> [WHAT THE EXERCISE ASKS]
Your answer must be an exact retyping of the line containing "Short-Sleeve Slim Collar Fit Plain Tee" and every line after it through the end of the records below, with no pictures and nothing else.

> [SOURCE MATERIAL]

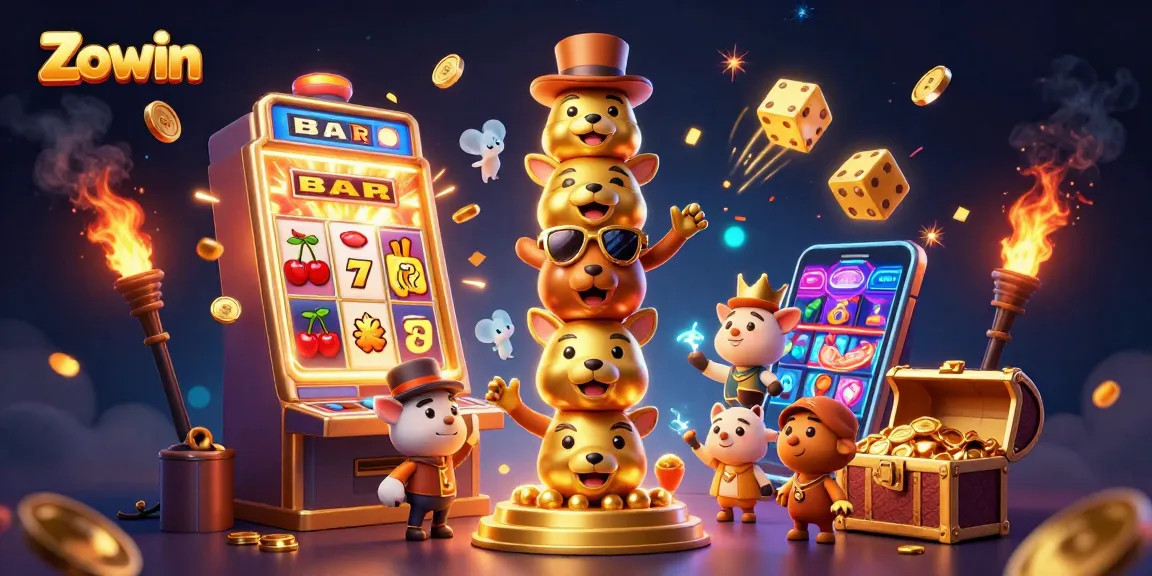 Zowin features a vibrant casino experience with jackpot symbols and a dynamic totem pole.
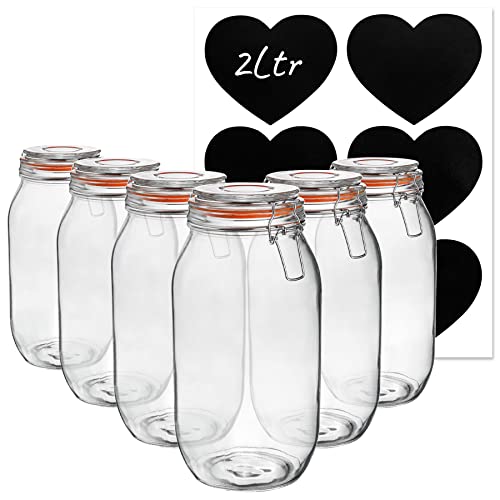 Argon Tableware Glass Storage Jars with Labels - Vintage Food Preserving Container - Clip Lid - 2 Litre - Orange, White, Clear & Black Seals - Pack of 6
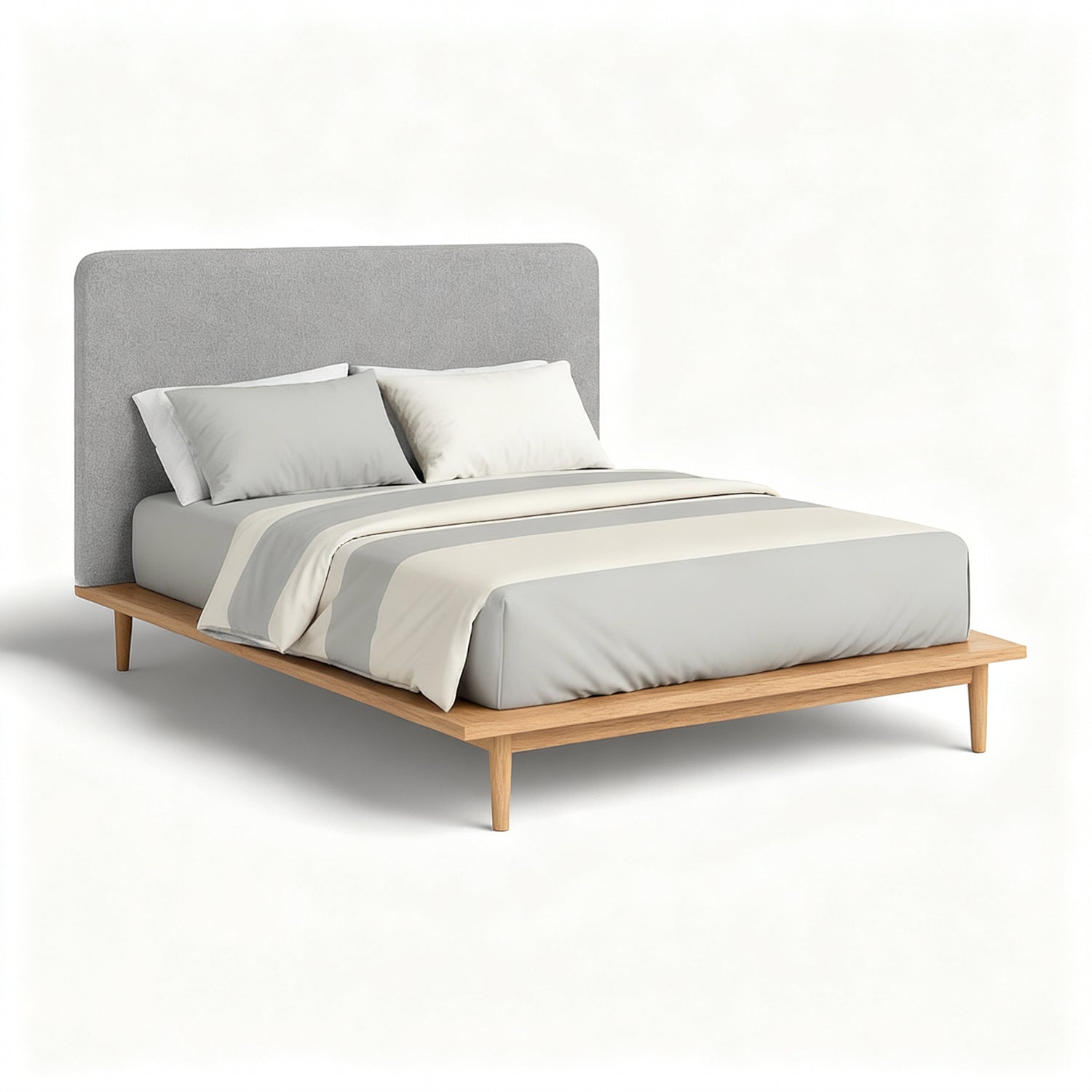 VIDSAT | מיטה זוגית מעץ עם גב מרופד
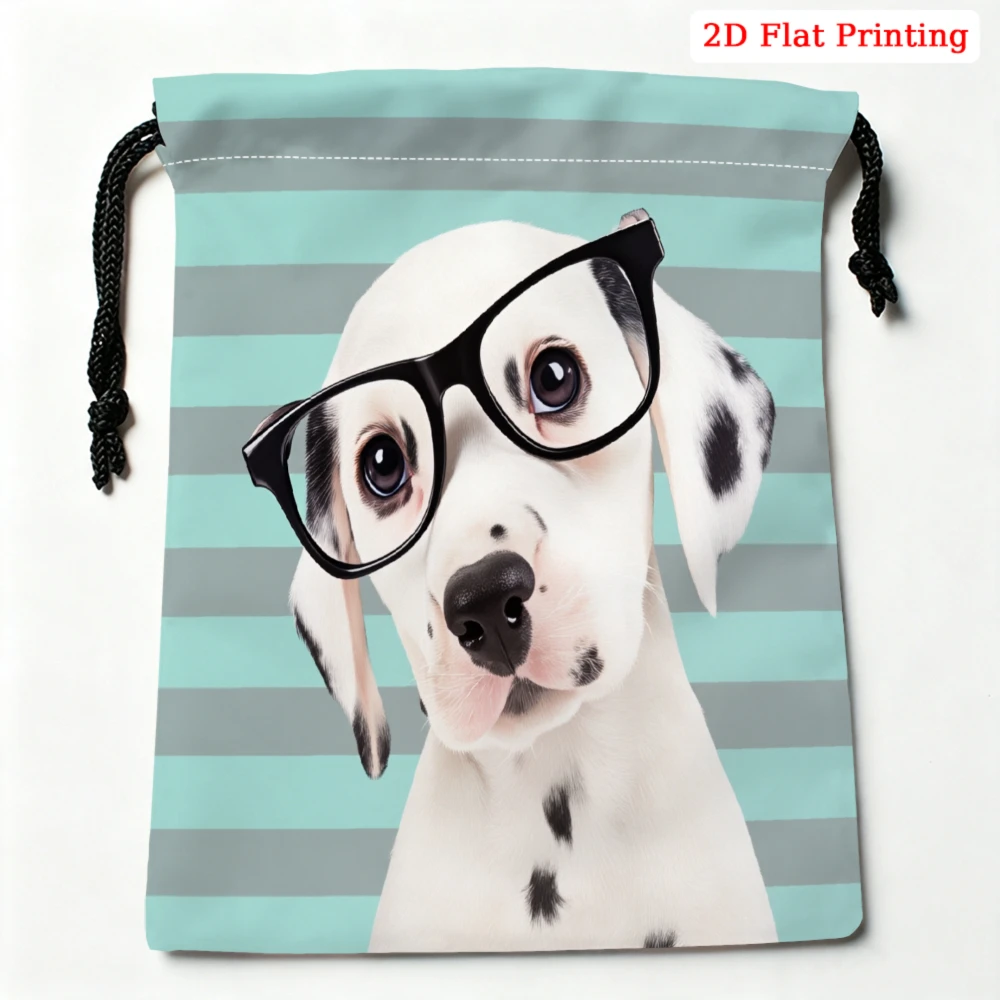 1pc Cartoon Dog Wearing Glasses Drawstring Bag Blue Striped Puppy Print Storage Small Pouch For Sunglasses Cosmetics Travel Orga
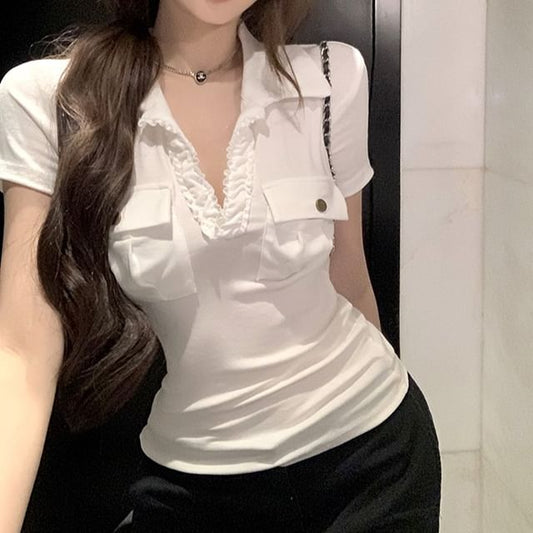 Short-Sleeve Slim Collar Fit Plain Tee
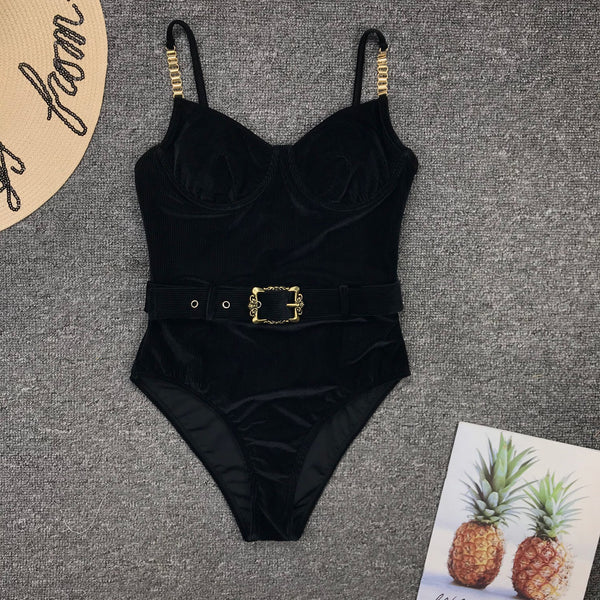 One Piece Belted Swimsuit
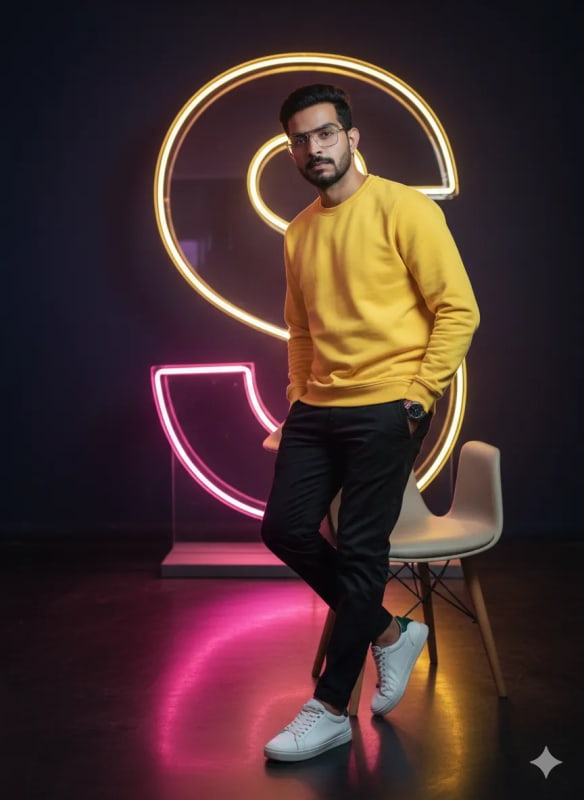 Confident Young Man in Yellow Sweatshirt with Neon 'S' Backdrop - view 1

> [FINAL ANSWER]
 Short-Sleeve Slim Collar Fit Plain Tee
 One Piece Belted Swimsuit
 Confident Young Man in Yellow Sweatshirt with Neon 'S' Backdrop - view 1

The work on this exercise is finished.